Re: Newbie: Pipe/STDIN Clarification
by Anonymous Monk on Nov 05, 2011 at 05:16 UTC
    See perlintro/perlopentut, basically
    open my($out), 'command |' or die $!; print $out $_ while <$in>; close $out;

    Using system can be ok :) system "command < file";

      That open statement has things the wrong way around. To open a file handle for printing to a pipeline command, it goes like this:
      open my $fh, '| command' or die $!;
      Or better yet, use the 3-arg open call -- and while we're at it, let's provide the command as an array, and get the process-ID:
      my @command = qw/downstream_process -a option1 -b option2 -etc/; my pid = open( my $fh, '|-', @command ) or die $!;
      (The form of open call shown by AnonyMonk would be for running a command so that you can read its output, and you wouldn't write to that file handle.)

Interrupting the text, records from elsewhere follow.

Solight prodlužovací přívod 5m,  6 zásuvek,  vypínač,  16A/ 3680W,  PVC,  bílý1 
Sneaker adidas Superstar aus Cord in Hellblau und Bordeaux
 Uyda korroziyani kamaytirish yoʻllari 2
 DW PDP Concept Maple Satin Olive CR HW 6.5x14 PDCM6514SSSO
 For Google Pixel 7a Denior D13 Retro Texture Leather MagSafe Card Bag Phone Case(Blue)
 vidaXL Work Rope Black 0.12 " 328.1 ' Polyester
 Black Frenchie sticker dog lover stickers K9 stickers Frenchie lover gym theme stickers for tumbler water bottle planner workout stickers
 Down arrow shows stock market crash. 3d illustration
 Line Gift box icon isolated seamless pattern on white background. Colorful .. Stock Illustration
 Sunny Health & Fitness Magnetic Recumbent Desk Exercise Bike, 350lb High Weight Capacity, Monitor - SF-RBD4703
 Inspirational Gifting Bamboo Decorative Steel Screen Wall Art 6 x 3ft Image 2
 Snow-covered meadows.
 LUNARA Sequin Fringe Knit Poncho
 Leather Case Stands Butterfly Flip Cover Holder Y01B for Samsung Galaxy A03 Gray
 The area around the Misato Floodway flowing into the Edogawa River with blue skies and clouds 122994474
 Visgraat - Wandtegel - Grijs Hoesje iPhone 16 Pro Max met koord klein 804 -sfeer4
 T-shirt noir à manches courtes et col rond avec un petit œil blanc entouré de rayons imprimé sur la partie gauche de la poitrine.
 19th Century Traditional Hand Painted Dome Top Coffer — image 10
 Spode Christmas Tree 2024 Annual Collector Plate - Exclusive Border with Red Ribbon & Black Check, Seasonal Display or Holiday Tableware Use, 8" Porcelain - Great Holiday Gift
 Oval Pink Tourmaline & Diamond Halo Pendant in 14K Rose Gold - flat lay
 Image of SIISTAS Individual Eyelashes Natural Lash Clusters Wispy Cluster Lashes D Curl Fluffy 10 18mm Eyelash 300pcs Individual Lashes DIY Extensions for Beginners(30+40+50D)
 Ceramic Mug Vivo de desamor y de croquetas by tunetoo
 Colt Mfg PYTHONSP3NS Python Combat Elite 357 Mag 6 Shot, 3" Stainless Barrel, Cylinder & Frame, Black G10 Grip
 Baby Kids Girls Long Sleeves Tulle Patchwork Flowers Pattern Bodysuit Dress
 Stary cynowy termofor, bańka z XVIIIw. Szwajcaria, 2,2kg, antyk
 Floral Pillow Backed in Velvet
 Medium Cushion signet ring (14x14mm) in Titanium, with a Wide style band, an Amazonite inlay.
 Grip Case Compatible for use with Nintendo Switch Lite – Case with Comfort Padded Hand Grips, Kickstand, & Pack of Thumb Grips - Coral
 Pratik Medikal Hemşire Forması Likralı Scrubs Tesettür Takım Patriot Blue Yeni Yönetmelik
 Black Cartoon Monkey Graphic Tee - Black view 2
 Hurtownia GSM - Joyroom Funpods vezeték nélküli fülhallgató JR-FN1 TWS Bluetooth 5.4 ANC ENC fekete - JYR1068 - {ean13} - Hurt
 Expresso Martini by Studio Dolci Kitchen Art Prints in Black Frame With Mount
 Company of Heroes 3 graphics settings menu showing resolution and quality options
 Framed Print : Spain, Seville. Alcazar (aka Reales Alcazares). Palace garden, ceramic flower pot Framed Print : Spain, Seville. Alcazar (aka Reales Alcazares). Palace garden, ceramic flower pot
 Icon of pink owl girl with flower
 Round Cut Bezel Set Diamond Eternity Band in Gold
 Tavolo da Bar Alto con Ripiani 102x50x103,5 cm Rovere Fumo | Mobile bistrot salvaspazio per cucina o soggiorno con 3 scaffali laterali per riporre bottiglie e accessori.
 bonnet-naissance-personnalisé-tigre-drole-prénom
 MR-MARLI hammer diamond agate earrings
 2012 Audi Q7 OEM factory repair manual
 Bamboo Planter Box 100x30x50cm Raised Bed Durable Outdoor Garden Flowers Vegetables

Re: Newbie: Pipe/STDIN Clarification
by mrstlee (Beadle) on Nov 05, 2011 at 13:31 UTC
    And while I think of it there are neater ways to join arrays of strings:
    #Works for all perl versions join '', @string_arr; #Obviously you can use any string as the first a +rg of join e.g. "\n" #Since 5.10(I think?Maybe 5.8) open STRING_HNDL, ">", \(my $str); print STRING_HNDL @string_arr; close STRING_HNDL; #$str now contains the strings in @string_arr concatenated together print "@string_arr"; # A space is put in between successive elements o +f @string_arr
    Have fun!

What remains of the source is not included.